Is phosphate fertilizer proportionately less used in a recession?

When I look at stocks like Mosaic (MOS) and Potash (POT), it seems that MOS is down substantially more from its summer highs than competing companies. I don't know much about fertilizers. Why does the sinking economy affect one type more than another? Which is most likely to surge, come next year's growing season? Are natural fertilizer prices inversely related to the price of petroleum? Does $40/gal oil mean disaster for companies like MOS and POT?

Public Comments

  1. YOU ARE CORRECT! Go to www.lifeaftertheoilcrash.net everything we have is used from oil.
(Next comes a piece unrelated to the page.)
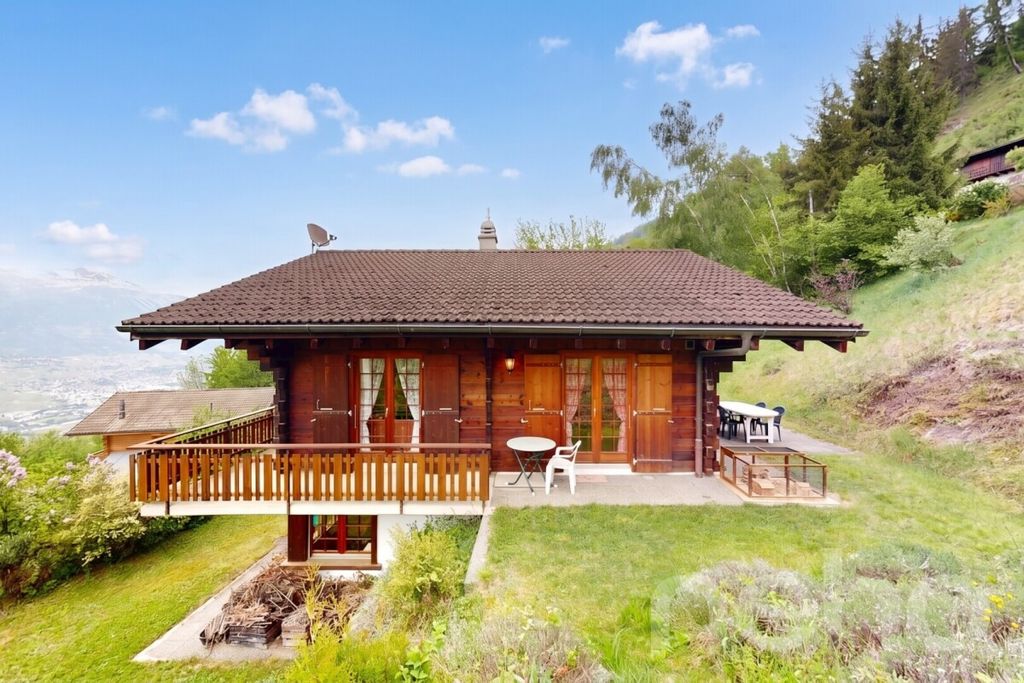 Property photo 2 of 12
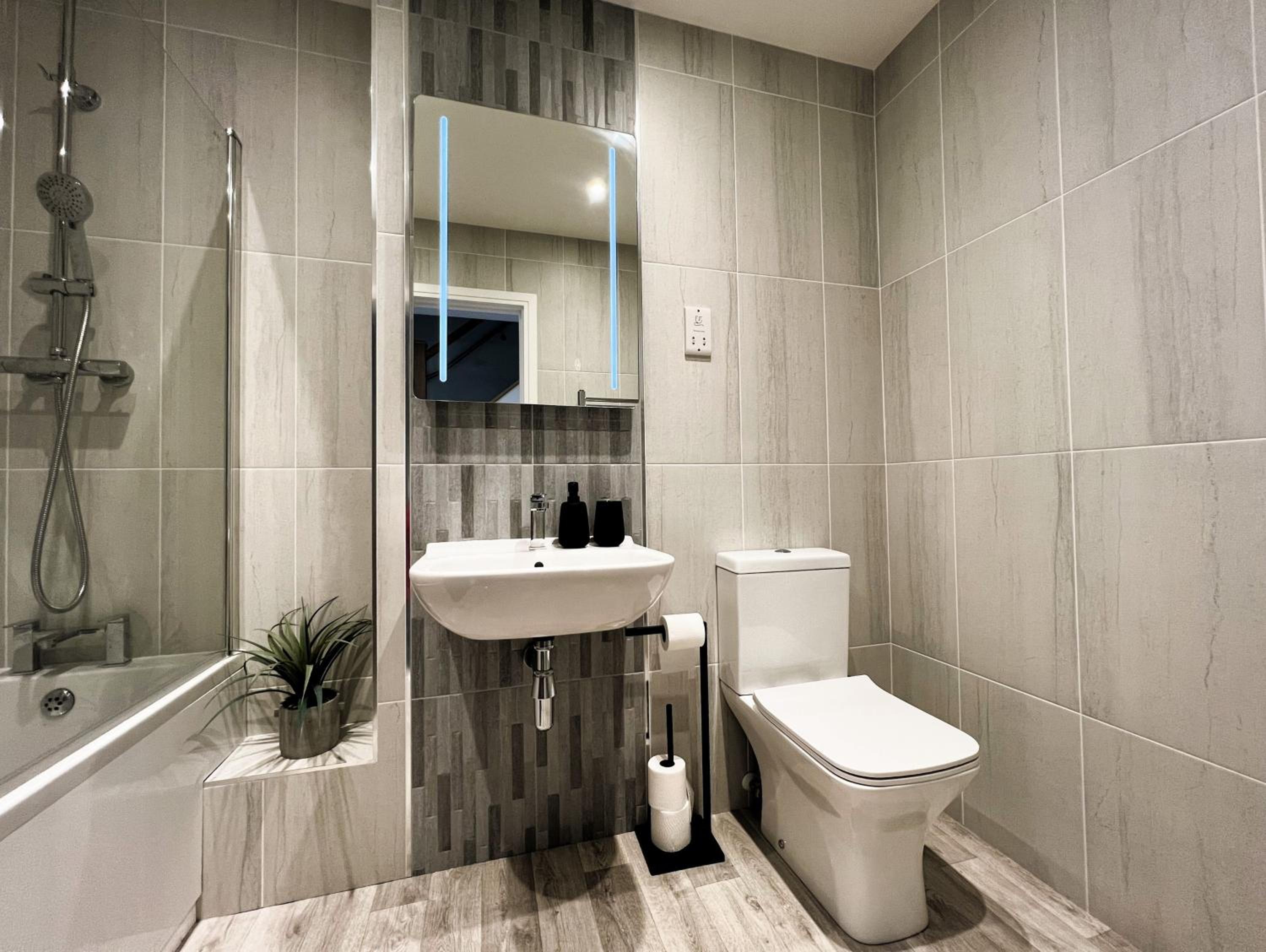 Sandown Vacations - The Island Holiday Company-Seagrass - Property Image 21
EVERYTHING. Even your lettuce, food, clothing, bicycles..EVERYTHING. Get educated. I PROMISE you will learn alot from that site. Please go to it NOW
  2. The bubble has burst for fertilizer and agricultural chemical stocks, with former stock-market star Mosaic Co. (MOS) off by a third in Thursday trading and others hard on its heels as excess supply and reduced demand slow the pattern of price increases on farm chemicals. Farmers could not bear the weight of ever-increasing costs forever, especially as grain prices fell by nearly half in recent months and credit tightened. And the popularity of the momentum "ag trade" with hedge funds and day traders has led to a decline similar in magnitude and pace to the tech bust.
  3. I only thing I know about fertilizer is that it makes my plants grow, Right now, I have been looking at POT and MOS since they made there 52 week lows.
  4. This is not an easy field. Nitrogen has a large input cost from natural gas, so reduced gas prices cut the cost of production significantly. . Potash is different since it is mined. Demand for all of them can drop for alot of reasons, first being that farmers will not pay more for ferts when the selling price of their crop is depressed in a recession. Lack of credit in the farm sector has not even been discussed by the political nitwits in Washington yet, and by the time they figure out what a crisis it will be, the planting season in the USA will be past. WIth grain crop inventories at multi-decade lows, I truly expect record crop prices in the next year as reduced planting works its way thru the system. Add in any kind of bad weather, and it will get ugly, as in global famine. Now Potash is underutilized relative to Nitrogen and phos, so you can make a case that demand could go up for Pot even if crop plantings go down. This is one reason why Pot prices have held up much better than N or P. Also, potash requires a multi-year capex to bring on new capacity, and some of that expansion has been delayed due to the credit crisis. They all are getting sold off together for teh most part, so opportunities may be there. The market s waiting to see what the spring contract negotiations bring for ferts, especially potash. Watch for the price China agrees to pay to POT as a leading indicator.